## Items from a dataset
-------------------------

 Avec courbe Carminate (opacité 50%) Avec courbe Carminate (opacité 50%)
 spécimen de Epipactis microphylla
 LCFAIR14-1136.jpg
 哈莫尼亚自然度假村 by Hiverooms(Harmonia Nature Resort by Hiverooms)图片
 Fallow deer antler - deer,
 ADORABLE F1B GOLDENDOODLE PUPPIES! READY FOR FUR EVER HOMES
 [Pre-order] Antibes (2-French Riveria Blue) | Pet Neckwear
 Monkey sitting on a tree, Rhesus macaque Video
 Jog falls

-------------------------

## Exercise
Lines from the one containing "Monkey sitting on" through the end of the entries above must be copied exactly; include both ends and no other lines.

## Your solution
 Monkey sitting on a tree, Rhesus macaque Video
 Jog falls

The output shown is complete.